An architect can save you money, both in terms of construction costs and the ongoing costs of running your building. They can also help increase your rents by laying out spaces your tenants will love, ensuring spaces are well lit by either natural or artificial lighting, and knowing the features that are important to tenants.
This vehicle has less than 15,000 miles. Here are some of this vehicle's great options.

---

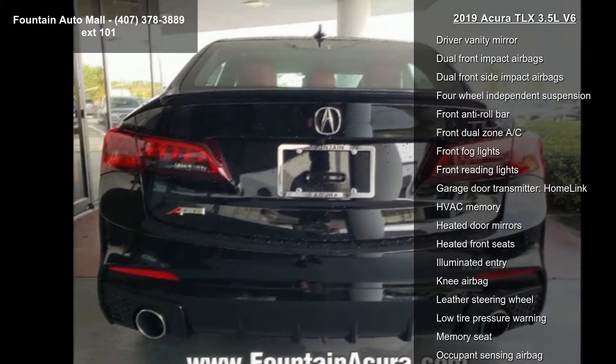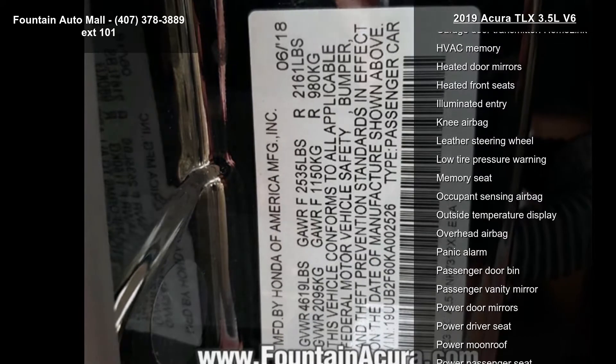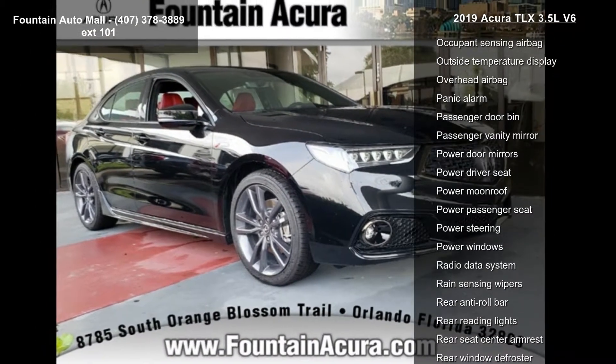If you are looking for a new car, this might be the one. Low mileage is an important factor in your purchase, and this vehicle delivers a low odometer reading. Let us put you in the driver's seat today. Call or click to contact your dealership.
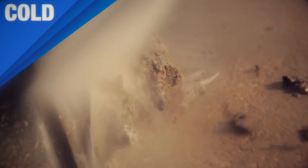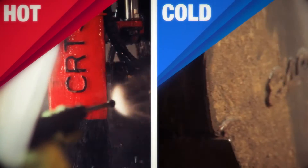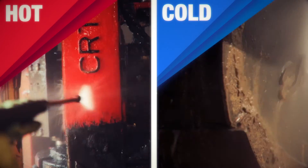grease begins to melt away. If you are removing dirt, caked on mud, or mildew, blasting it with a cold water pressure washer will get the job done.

| Try it |
Taking the entries above, write out exactly the lines starting with the line containing "An architect can" and going on through the line containing "This vehicle has", both included, and nothing else.

| Expected answer |
An architect can save you money, both in terms of construction costs and the ongoing costs of running your building. They can also help increase your rents by laying out spaces your tenants will love, ensuring spaces are well lit by either natural or artificial lighting, and knowing the features that are important to tenants.
This vehicle has less than 15,000 miles. Here are some of this vehicle's great options.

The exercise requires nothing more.